Skoro przy fachowcach, to jak mam spokojnie pisać o Złotych Wężach, kiedy salon znalazł sobie nowego autoryteta od Smoleńska? Już nie pana Hypkiego, który redaguje pismo o lotnictwie, więc z grubsza wie przynajmniej co to samolot, ale niejakiego Krzysztofa Łozińskiego. Tenże pan Łoziński, którego pamiętam mgliście z czasów gdy bez większych sukcesów próbował kariery dziennikarza od wszystkiego, ogłasza, że profesor Binienda „plecie bzdury", a jego obliczenia nie są nic warte. I w ogóle nie jest żadnym tam ekspertem ani autorytetem. Dowodem fakt, że ? twierdzi pan Łoziński ? na stronie internetowej NASA nie znalazł on żadnych jego publikacji.

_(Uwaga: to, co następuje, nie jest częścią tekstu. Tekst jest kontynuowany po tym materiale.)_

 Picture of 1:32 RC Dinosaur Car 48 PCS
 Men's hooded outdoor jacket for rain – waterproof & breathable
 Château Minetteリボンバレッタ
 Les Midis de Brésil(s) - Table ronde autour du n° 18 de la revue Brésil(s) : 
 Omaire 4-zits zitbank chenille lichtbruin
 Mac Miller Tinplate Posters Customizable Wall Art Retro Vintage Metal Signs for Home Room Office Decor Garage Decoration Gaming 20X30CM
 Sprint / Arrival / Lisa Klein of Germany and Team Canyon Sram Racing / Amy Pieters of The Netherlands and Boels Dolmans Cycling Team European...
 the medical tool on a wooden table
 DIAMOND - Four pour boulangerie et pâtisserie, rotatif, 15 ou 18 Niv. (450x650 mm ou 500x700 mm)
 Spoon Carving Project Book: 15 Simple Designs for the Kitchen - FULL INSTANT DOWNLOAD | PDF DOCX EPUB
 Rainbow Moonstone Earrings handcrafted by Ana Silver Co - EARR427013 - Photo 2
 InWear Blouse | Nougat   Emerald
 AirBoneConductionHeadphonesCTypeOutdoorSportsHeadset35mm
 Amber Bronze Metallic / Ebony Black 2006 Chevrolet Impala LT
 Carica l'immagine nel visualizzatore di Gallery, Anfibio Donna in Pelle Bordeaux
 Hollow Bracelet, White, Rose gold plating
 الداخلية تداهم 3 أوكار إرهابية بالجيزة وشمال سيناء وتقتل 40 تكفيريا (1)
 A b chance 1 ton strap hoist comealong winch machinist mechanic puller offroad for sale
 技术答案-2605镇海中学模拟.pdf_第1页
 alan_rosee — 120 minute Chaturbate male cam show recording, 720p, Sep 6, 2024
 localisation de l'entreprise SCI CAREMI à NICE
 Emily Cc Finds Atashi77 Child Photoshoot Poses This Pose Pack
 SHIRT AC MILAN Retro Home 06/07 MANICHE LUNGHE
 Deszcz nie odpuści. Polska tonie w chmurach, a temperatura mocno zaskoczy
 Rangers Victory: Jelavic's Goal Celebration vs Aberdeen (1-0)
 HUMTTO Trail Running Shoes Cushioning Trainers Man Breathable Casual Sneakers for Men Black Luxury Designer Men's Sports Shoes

Otóż na stronie NASA jest 58 prac profesora Biniendy, co natychmiast opublikowali, z kompletem linków, prawicowi blogerzy. Do demaskowania nieuctwa i „bzdur" eksperta NASA, na dodatek, jak na złość naszym salonom, właśnie uhonorowanego prestiżową nagrodą Amerykańskiego Stowarzyszenia Inżynierów ASCE, bierze się facet, który nie umie nawet obsłużyć przeglądarki internetowej. Jego kompetencje są takie, że przedstawia się jako „pasjonat lotnictwa", i że kiedyś ścinał brzozę ? a właściwie nie wynika z rozmowy, że sam to robił, może tylko rozmawiał z kimś, kto brzozę rąbał ? i „każdy wie, jakie to twarde drzewo".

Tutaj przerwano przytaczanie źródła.